Table 3. Classification result of PD severity (\(\%\))
Table 4. Classification result of PD severity (\(\%\))

3.4 Feature Dimensions

After sorting key features through the JMFS mechanism, we further explored the optimal feature dimension and identified the most useful features for disease diagnosis. Table 5 shows Comparison of accuracy in selecting features from different dimensions. We determine the optimal feature dimension by comparing the performance among different feature dimensions such as 10, 20, 30, and so on. This enables us to select the feature dimension that exhibits the best performance. The experimental results show that when retaining the most prominent features in the first 20 dimensions, the classification accuracy reaches the best 81.37\(\%\). Figure 4 shows the classification accuracy of different dimensional features on three activities, in these numerous experiments, it is found that all activities had the same trend, so only a portion of the activities were shown here. And it is more evident from the figure that the best classification performance is achieved when retaining the significance features of the top 20 dimensions.

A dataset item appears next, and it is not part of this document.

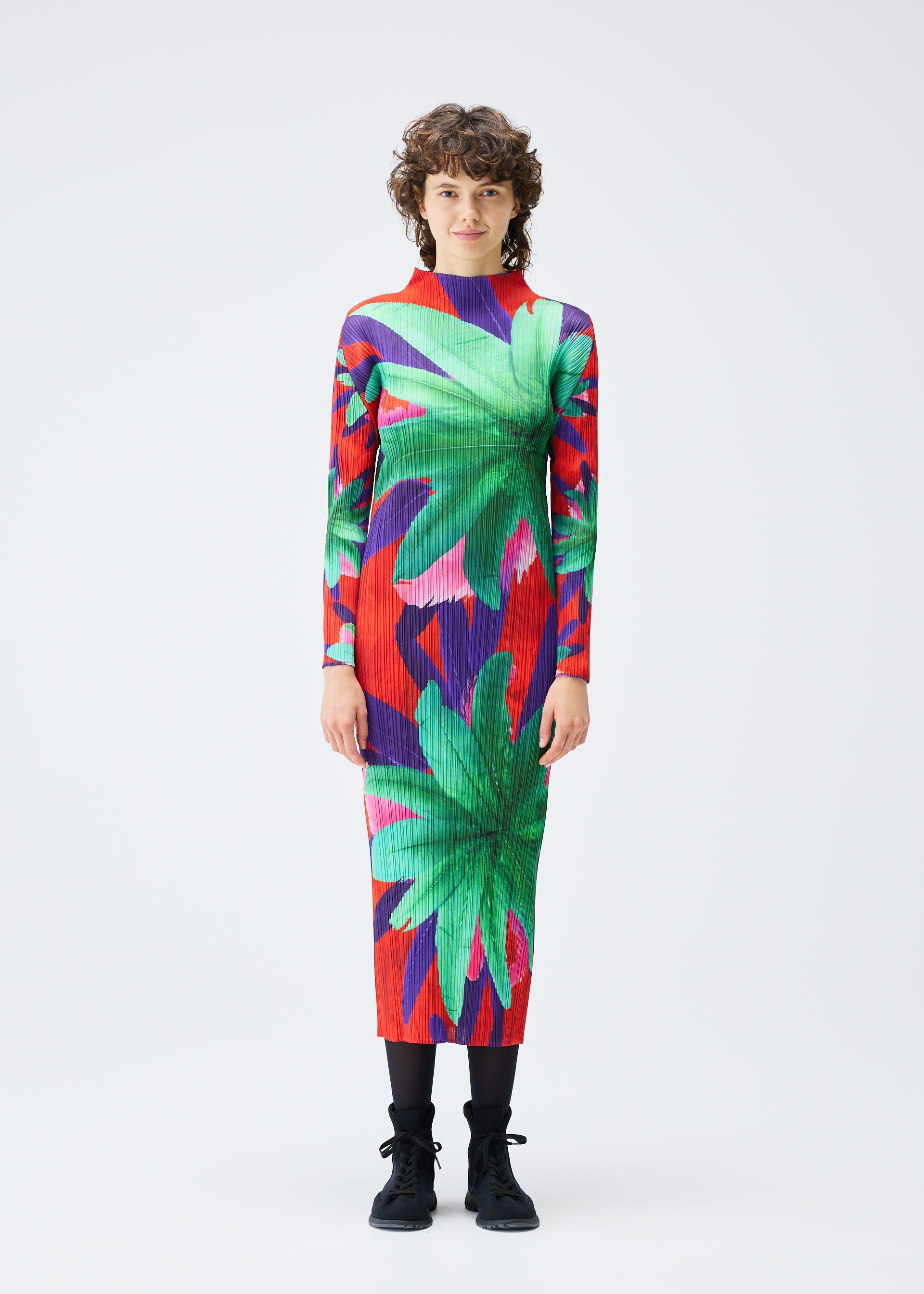 A model wears the Pleats Please Issey Miyake CARNIVAL dress.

Table 5. Comparison of accuracy for different feature dimensions (\(\%\))
Fig. 4.
figure 4

Accuracy of different feature dimensions on three activities.

4 Conclusion

Accurately capturing motor symptom diagnosis of PD patients is particularly important to determining appropriate medication schedules. In this paper, we differentiate the PD severity and select representative 20 features related to the disease in 8 activities, which effectively provides more representative information than using all features. At present, the best accuracy is 20 dimensions features in ALTER, with an accuracy rate of 81.37\(\%\). This facilitate the later transplantation of lightweight equipment and provide reference for the independent PD diagnosis in the clinical or at home environment. In the future, we can test the possibility of more feature selection methods and an adaptive window sliding method which can be automatically adjusted according to the cycle of different activities themselves.